来年静岡で開催される「全国建具大会」の実行委員長
組織改革、後継者育成にも明確なビジョンで臨む

静岡県建具工業組合
谷口泰幸 理事長

来年6月、静岡県で39年ぶりに開催される「全国建具大会」。県建具工業組合の理事長として、その実行委員長を務める。

「富士山静岡空港が開港し、静岡で開催するには絶好の時期」と諸手を挙げて開催を引き受けた。

全国各地から1300人の建具業者が集い、3日間にわたり全国総会、業者大会、研修会、青年部総会が開かれる。合わせて開催する「日本の建具展」には、選りすぐられた匠の作品150点が出展される、文字通り業界を挙げての一大イベントだ。

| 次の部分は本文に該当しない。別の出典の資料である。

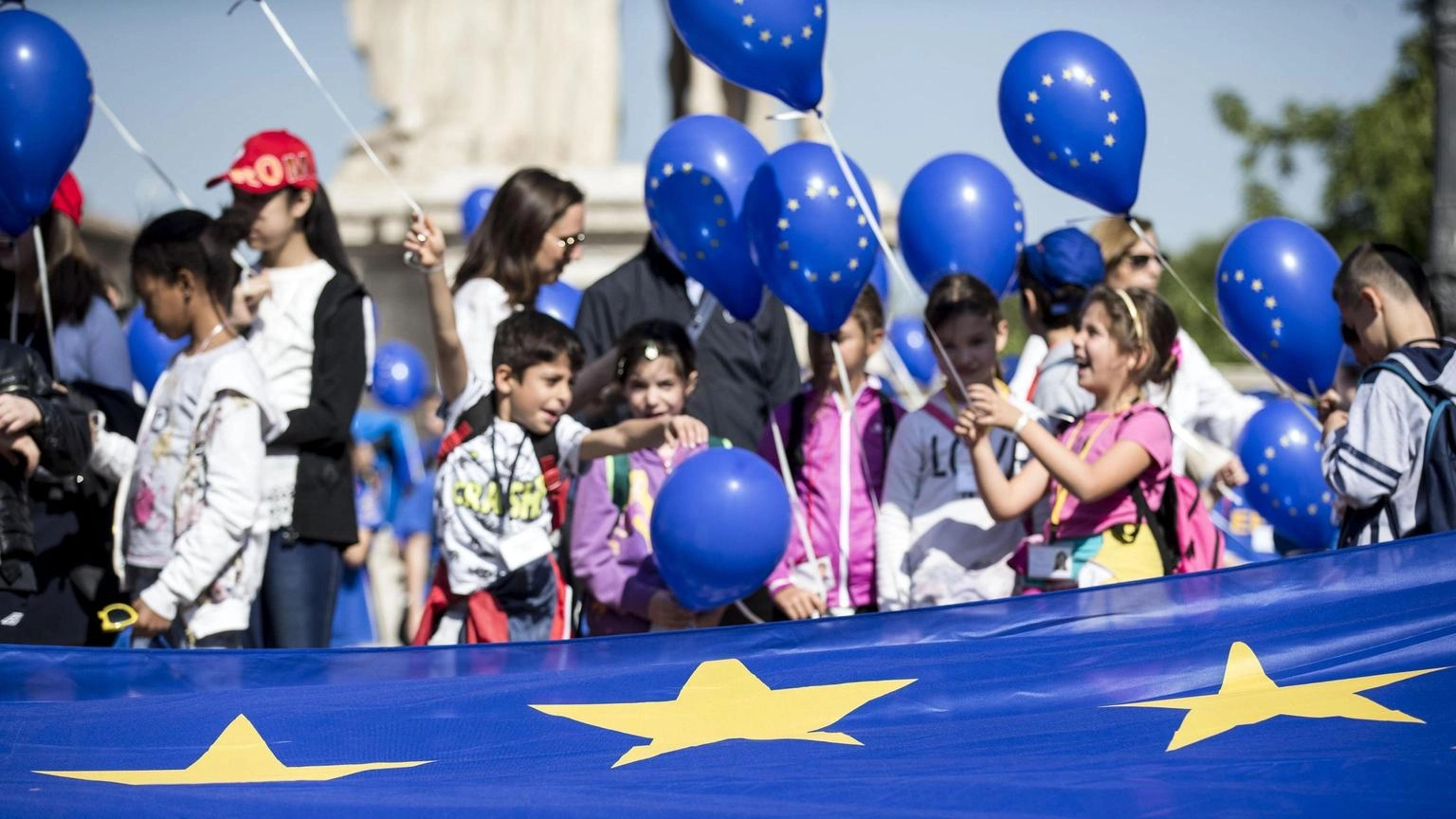 Bene le condizioni di vita in Ue, gli italiani votano 7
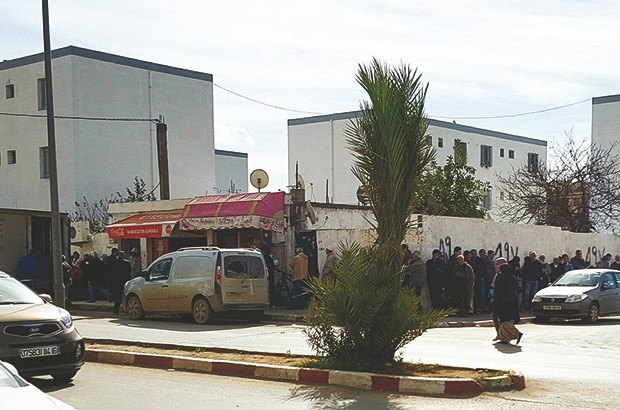 À ROUIBA, LES DEUX PRODUITS SONT VENDUS EN CONCOMITANCE : Vous voulez du lait en sachet ? Achetez aussi du lait de vache !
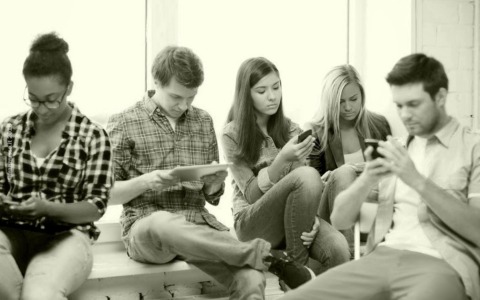 Cremeno: un percorso per genitori di adolescenti organizzato dal Centro per la Famiglia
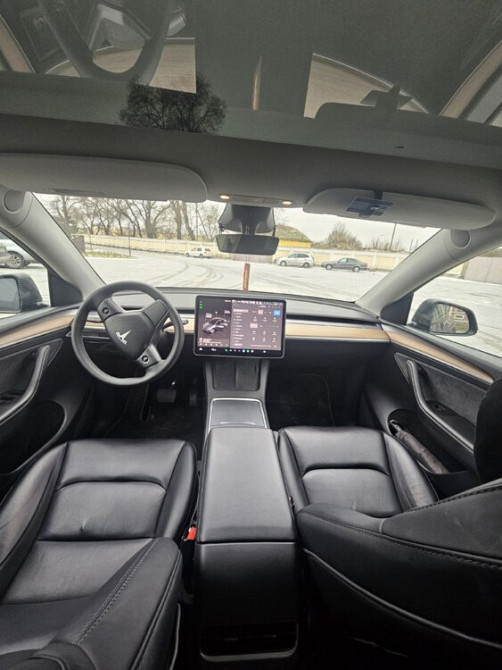 Tesla Model Y 2024 год Бендеры Бендеры - изображение 6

39年前に本県で開かれた全国大会にも参加。その印象が強烈に残る。

「3000人が集まり、大会を静岡、宿泊地は熱海、展示会は浜松と会場を分けて実施。熱海から浜松までバス80台を連ねて移動し、開催を祝う花火大会が開かれるなど、お祭りムード一色の華やかな大会だった」。

1年後に控える全国大会に向け、そのプレ大会として、中断していた県建具フェアをこの6月、6年ぶりに開催。県内の組合員から54点に及ぶ力作が出展された。

「僅かな準備期間だったにも拘らず、組合員の意気込みを感じる優れた作品が多かった。青年部を中心に全国大会への盛り上がりは、日を追うごとに高まっている」と確かな手応えを感じる。

父も理事長経験者。親子二代にわたり県建具工組のトップを務める。

「根っからの職人だった父に代わり、事務を補佐していたので、組合の内情は昔からよく分かってたよ」。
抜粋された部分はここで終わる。